There is a woman whom I am casual friends with who has in her OLD profile that she wants a guy who is at least 5'11" (I stumbled onto it by accident).

 

She is currently dating a guy who is 5'5".

  • Like 1
Posted
It does matter for women for sure but not nearly as much as it does for men. An unattractive woman is still going to struggle a lot to find a quality partner, no matter how much confidence she has.

 

The thing is that confidence actually helps attractiveness quite a bit.
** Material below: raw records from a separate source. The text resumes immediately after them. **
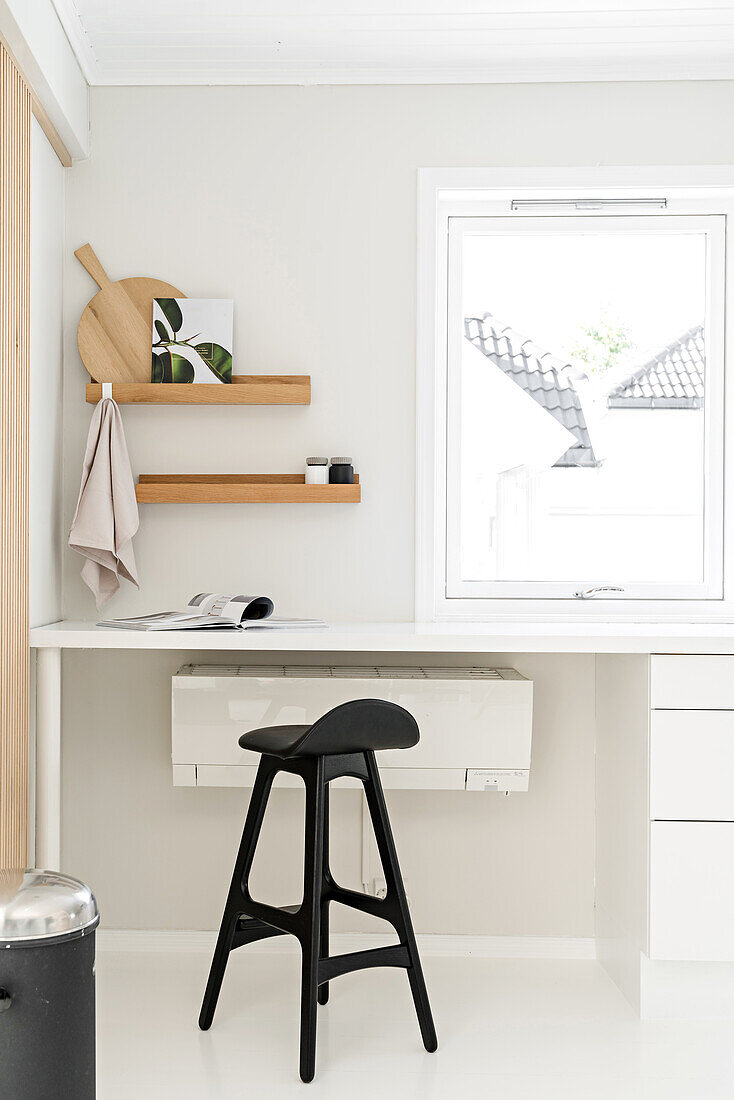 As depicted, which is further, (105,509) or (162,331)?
(162,331)

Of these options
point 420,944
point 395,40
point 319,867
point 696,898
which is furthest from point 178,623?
point 395,40

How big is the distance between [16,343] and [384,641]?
1.12m

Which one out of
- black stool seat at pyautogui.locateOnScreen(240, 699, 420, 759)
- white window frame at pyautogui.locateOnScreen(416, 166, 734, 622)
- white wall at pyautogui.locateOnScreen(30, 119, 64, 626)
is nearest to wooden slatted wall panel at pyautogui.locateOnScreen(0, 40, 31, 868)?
white wall at pyautogui.locateOnScreen(30, 119, 64, 626)

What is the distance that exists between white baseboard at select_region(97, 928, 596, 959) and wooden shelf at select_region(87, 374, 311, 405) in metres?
1.49

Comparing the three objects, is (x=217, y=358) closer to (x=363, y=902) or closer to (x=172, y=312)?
(x=172, y=312)

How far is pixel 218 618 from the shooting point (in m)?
2.38

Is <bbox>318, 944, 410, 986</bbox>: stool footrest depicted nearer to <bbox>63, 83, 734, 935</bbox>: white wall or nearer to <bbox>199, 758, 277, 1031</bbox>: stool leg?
<bbox>199, 758, 277, 1031</bbox>: stool leg

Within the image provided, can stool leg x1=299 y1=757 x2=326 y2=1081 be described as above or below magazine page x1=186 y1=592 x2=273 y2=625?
below

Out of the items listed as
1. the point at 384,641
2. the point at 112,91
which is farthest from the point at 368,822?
the point at 112,91

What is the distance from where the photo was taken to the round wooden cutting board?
2701mm

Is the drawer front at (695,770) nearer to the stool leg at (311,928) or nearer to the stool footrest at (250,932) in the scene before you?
the stool leg at (311,928)

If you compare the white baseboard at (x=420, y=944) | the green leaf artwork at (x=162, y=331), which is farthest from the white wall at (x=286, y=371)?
the green leaf artwork at (x=162, y=331)

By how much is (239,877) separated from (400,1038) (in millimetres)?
528

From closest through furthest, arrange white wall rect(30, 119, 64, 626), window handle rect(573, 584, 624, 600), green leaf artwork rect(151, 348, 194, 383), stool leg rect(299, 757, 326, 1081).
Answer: stool leg rect(299, 757, 326, 1081) < white wall rect(30, 119, 64, 626) < green leaf artwork rect(151, 348, 194, 383) < window handle rect(573, 584, 624, 600) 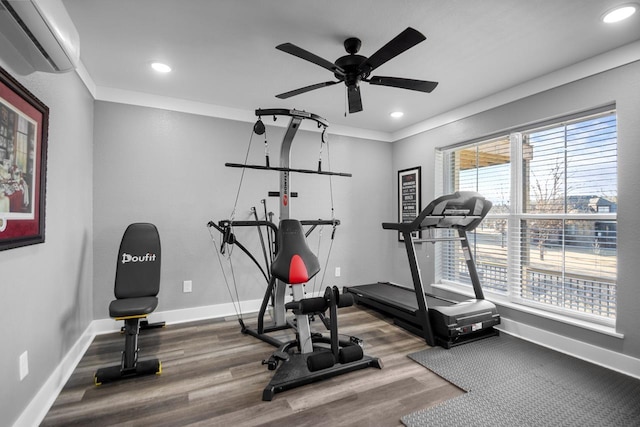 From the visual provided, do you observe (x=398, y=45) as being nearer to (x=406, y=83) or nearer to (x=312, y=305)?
(x=406, y=83)

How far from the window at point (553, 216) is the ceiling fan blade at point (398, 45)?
202 cm

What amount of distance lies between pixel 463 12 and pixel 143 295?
321 cm

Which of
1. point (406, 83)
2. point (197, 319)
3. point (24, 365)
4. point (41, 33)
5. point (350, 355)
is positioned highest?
point (406, 83)

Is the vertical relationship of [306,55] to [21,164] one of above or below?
above

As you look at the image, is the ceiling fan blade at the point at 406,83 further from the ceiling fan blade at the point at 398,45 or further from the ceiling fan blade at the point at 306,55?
the ceiling fan blade at the point at 306,55

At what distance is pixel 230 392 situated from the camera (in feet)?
6.64

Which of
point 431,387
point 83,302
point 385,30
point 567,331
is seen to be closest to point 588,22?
point 385,30

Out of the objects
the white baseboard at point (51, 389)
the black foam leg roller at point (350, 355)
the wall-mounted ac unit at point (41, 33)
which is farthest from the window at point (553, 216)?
the white baseboard at point (51, 389)

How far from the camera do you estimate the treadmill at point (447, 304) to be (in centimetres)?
271

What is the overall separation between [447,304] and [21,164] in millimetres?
3581

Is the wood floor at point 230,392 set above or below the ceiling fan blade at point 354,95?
below

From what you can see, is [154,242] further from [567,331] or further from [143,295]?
[567,331]

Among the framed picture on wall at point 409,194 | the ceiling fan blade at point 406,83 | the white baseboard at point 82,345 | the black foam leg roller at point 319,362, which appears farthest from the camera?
the framed picture on wall at point 409,194

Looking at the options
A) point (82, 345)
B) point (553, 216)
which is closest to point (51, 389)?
point (82, 345) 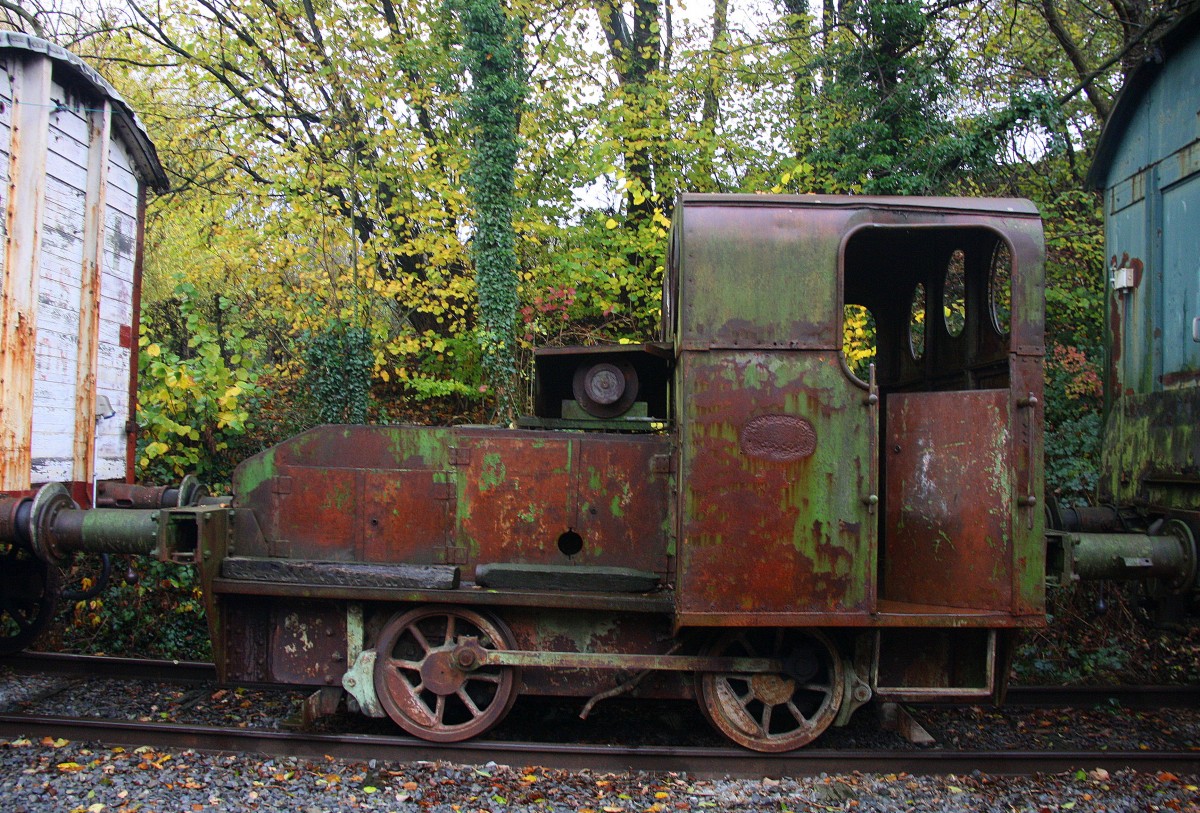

I mean, it's not gonna cover up major stuff like being 250 pounds, but simply your body language, the way you're standing, the way you talk, where you look while you talk, how you move, it all effects your attractiveness.

Posted
Here's my question then.

 

Why are a large amount of dating threads made by guys complaining they are too short, too skinny, or too ethnic to find that hot babe.

 

Why are there very few women complaining about being flat, or having a big nose, or being overweight, etc.

 

 

speaking from an overweight woman's perspective....who do i have to blame for my weight....what do i have to complain about....why should i complain to people who dont care.....the only concern i have about my weight at the moment is it doesnt allow me to achieve my own goals...which is to be healthy as i can be ...as fit as i can be....and the only person who can do anything about that is me....and i am .....and its freaking not easy.....but ill get there...i have nothing to complain about in the mean time......deb

  • Like 2
Posted
There is a woman whom I am casual friends with who has in her OLD profile that she wants a guy who is at least 5'11" (I stumbled onto it by accident).

 

She is currently dating a guy who is 5'5".

 

Girls have so many personal exceptions to their "rules" .. for example, my girlfriend says she only likes older guys.

 

BUT WAIT

 

I'm younger than her.

 

It's pretty funny because she even said this after she started dating me, and I got really confused. Then I decided "whatever, at the end of the day, I'm the one she's screwing."